> The data:
*-*-*

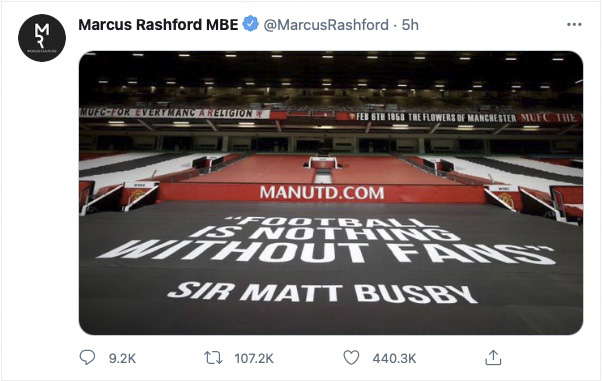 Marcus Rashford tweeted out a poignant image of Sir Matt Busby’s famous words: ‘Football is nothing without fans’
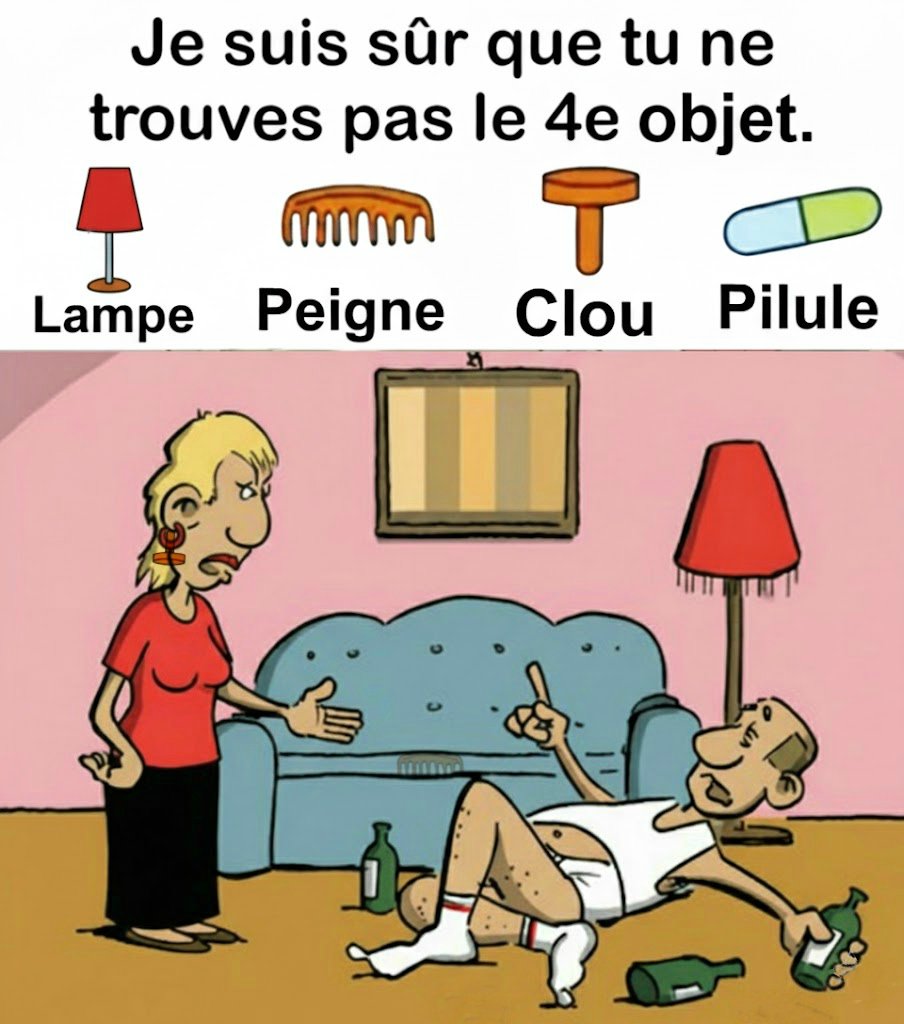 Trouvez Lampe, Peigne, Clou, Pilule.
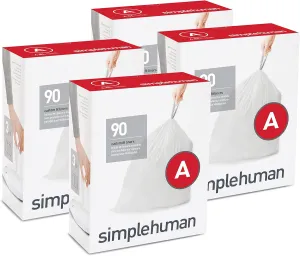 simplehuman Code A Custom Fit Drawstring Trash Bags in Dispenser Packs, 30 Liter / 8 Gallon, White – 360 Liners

*-*-*

> Directions for this task: Each line of the listing above should be retyped exactly, with no pictures.

> Answer area:
 Marcus Rashford tweeted out a poignant image of Sir Matt Busby’s famous words: ‘Football is nothing without fans’
 Trouvez Lampe, Peigne, Clou, Pilule.
 simplehuman Code A Custom Fit Drawstring Trash Bags in Dispenser Packs, 30 Liter / 8 Gallon, White – 360 Liners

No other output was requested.